Wednesday, April 8, 2009

God's Time Not Mine

Ask God to help when you feel overwhelmed. Many of us have learned how to deprive and neglect ourselves. Many of us have learned to push ourselves hard, when the problem is that were already pushed too hard. Many of us are afraid the work won't get done if we rest when we're tired. The work will get done; it will be done better than work that emerges from tiredness of soul and spirit. 

This is another reading from the Language of Letting Go. I know that when I get overwhelmed I have to ask God for help. I spent too many years beating myself up for not working hard enough to be good. I wasn't skinny enough, smart enough or getting good enough times in marathons. I think part of that was because I thought I was supposed to be perfect like Him, but he loves me no matter what. I can take the pressure off myself. I don't have to seek his approval. I don't have to avoid him thinking that I don't deserve his love because of the way that I've treated my body. I don't have to give him the list of things that I want him to do. I can just work on accepting that everything will happen in His time, not mine.
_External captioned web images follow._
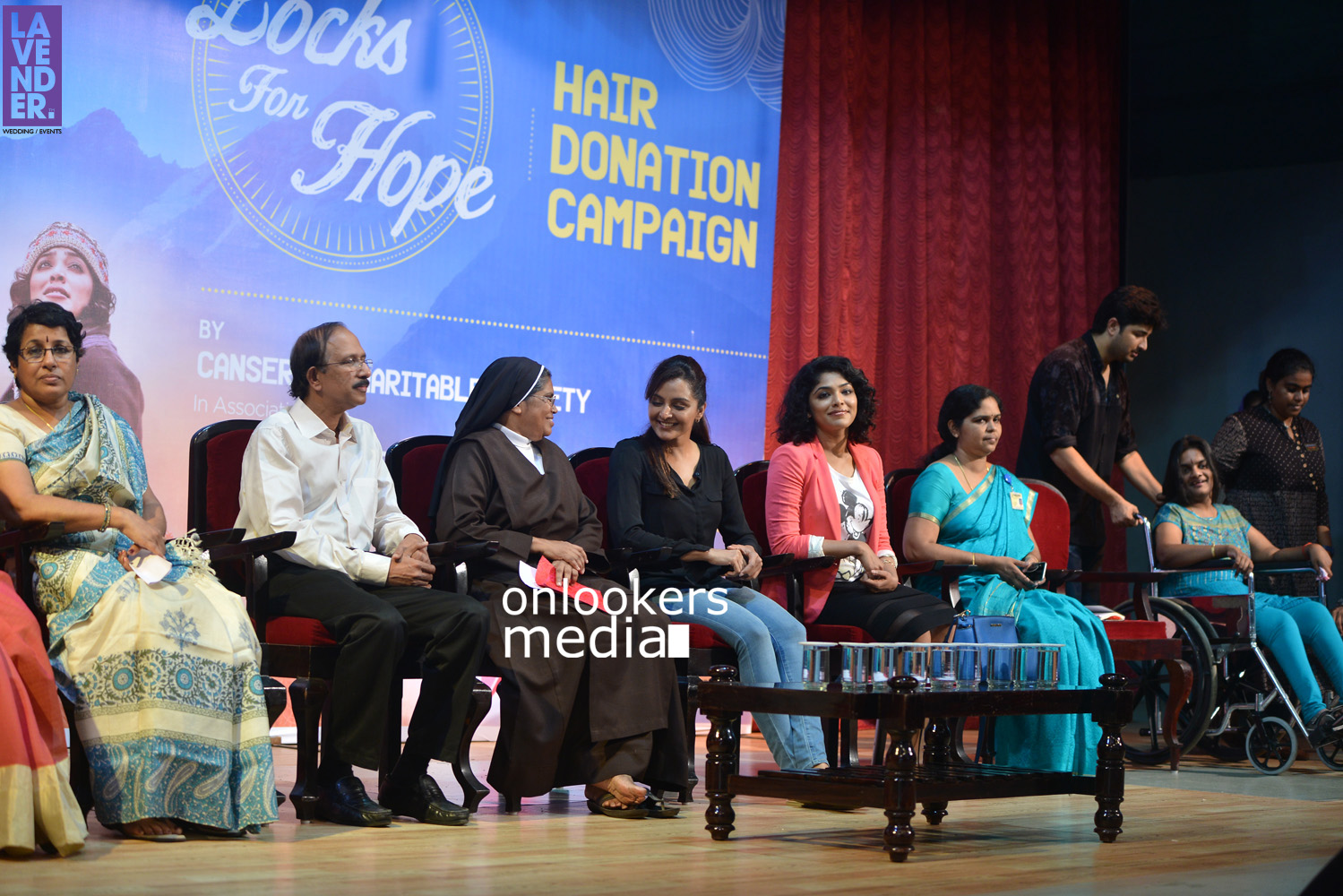 Manju Warrier and Rima Kallingal at St Teresa's College, ErnakulamHair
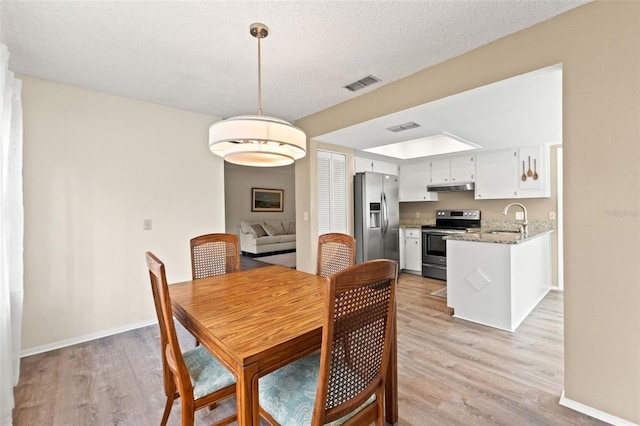 6085 Pekin Ct, Spring Hill, FL 34606 - dining area featuring light wood finished floors and baseboards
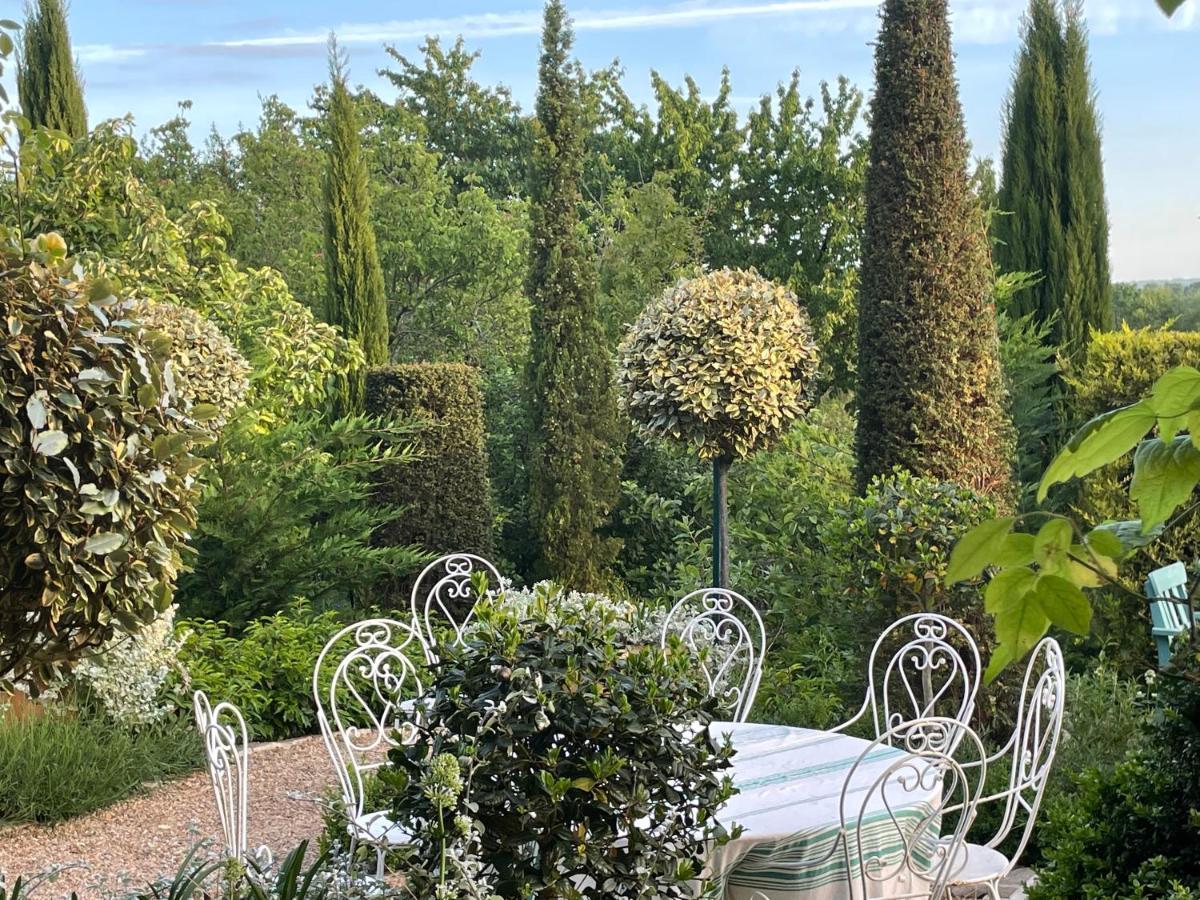 Les Jardins Haute Couture Huismes Eksteriør billede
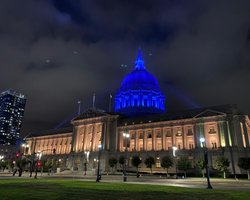 Сине-желтая мэрия, встреча с Тимом Куком и выступление в Стэнфорде. Зеленский прибыл в Калифорнию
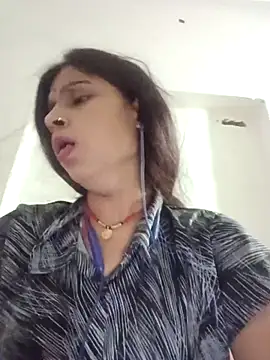 Mohnicute online show from 04/28/26, 07:29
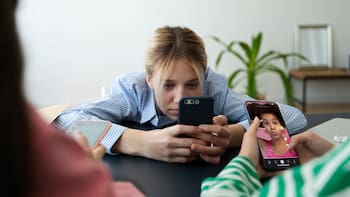 Meta y YouTube culpables de adicción a redes sociales: tribunal ordena pago millonario a joven que usó las plataformas desde los 6 años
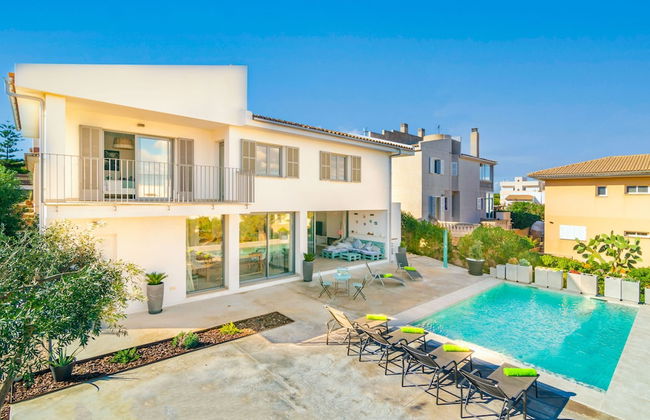 Casa Del Mar in Son Serra de Marina - Foto 1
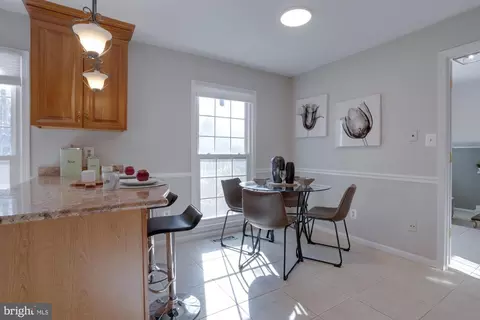9306 Winbourne Rd, Burke, VA 22015 photo 14
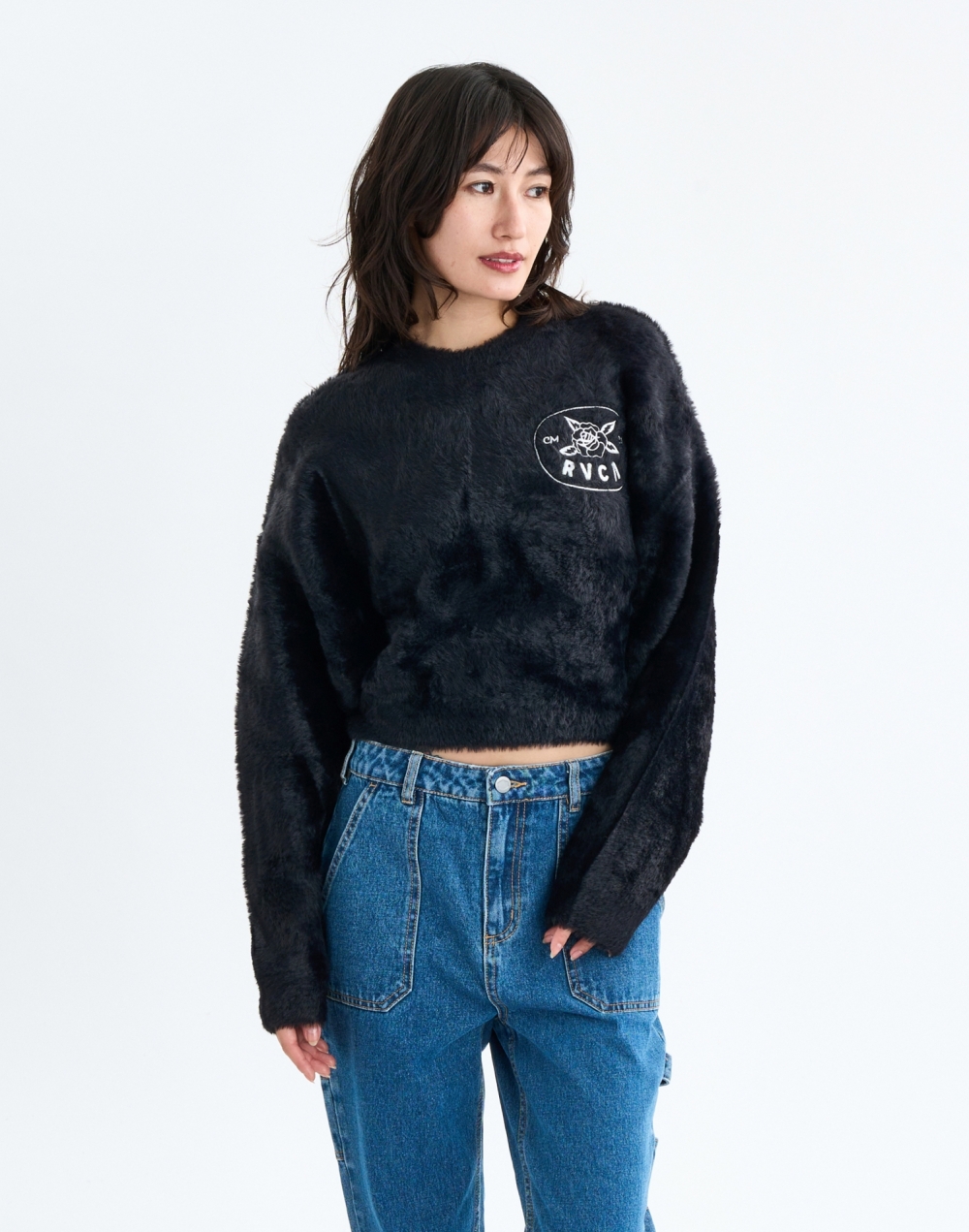 루카 여성 LOOSE FIT JQ 크롭 니트 (VF31SR060BLK)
There's a song, called "In God's Time" by Sonia Lee and the lyrics go like this:

I'm impatient, so it's been hard waiting on him to help me heal these scars.
But i know I can't do this by myself and I know that there's nobody else who knows better what's best for me.
Sometimes it's hard to trust something I can't see.
But he's shown me a million times before that when I'm ready, he will open up that door.

God's time, not mine. It's been hard for me to get this right.
God's time, not mine. I'm learning to let go and let him take control cause everything's gonna be just fine, in God's time.

He knows what I can't know, he hears what I can't hear, he sees what I can't see and he's looking out for me....

It's that time of year when the semester is coming to a close and schoolwork gets a little crazy. In order for the work to get done, I need to stay balanced and do the things that nourish me so that I can get my work done. I don't need to turn to excessive exercise or eat a bunch of crappy food to cope with that stress. I can do a little yoga, get some rest, eat a nutritious meal and nurture myself. Right now, I'm going to go for a short run over to campus to say hi to Him at the grotto.